SEA STATE
April 30–July 10, 2016
Gillman Barracks
Block 6 Lock Road #01-09/10
Singapore 108934
Hours: Monday–Friday 9am–6pm
T +65 6334 7948
ntuccacomms@ntu.edu.sg
Symposium:
The Geopolitical and the Biophysical: a structured conversation on Art and Southeast Asia in context, Part II
June 17 & 18, 2016
SEA STATE by artist and former Olympic sailor Charles Lim Yi Yong, commissioned for the Singapore Pavilion for the 56th Venice Biennale and curated by Shabbir Hussain Mustafa, will be presented at the NTU Centre for Contemporary Art Singapore from April 30 to July 10, 2016. For over a decade, Lim’s ongoing project SEA STATE examines the biophysical, political and psychic contours of Singapore through the visible and invisible lenses of the sea. SEA STATE is an in-depth inquiry by an artist that scrutinises man-made systems, opening new perspectives on our everyday surroundings, from unseen landscapes and disappearing islands to the imaginary boundaries of a future landmass.
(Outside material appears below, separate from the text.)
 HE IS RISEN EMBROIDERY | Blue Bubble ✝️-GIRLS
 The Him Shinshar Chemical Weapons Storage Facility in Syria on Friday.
The exhibition at NTU CCA Singapore is the first significant gathering of the various critically acclaimed components of the project since it started in 2005, and the Centre’s first major exhibition of a Singaporean artist. SEA STATE encompasses digital video works, altered marine charts, a three-dimensional sand model of the seabed around Singapore, and a five metres tall maritime buoy. The buoy, fondly referred to as the Sajahat Buoy, alludes to Pulau Sajahat (Sajahat Island), which disappeared from the world’s nautical charts in 2002 due to Singapore’s intensified land reclamation efforts. The buoy that once marked the island similarly disappeared, compelling the artist to reconstruct the buoy to fully unravel the gravitas of this disappearance. In addition to the works exhibited at the Singapore Pavilion, the exhibition in Singapore will be extended by the photographic series “inside\outside” (2005), part of SEA STATE 1, and Lim’s short film all the lines flow out which received a Special Mention at the 68th Venice Film Festival in 2011, making Lim the first Singaporean to be honoured at the festival.
SEA STATE is inspired by the World Meteorological Organization’s code for measuring sea conditions and numbered in chapters following the varying states of the sea ranging from calm, to moderate, to the phenomenal. Previous iterations and various stages of SEA STATE have been exhibited at Manifesta 7, Italy (2008); Singapore Biennale (2011); Institut d’Art Contemporain Villeurbanne, France (2013); and Osaka Biennale, Japan (2013). Lim’s engagement with Mustafa began when they initiated In Search of Raffles’ Light (2012-) at the NUS Museum, a multimodal project that meditates upon Singapore’s vexed relationship with the sea.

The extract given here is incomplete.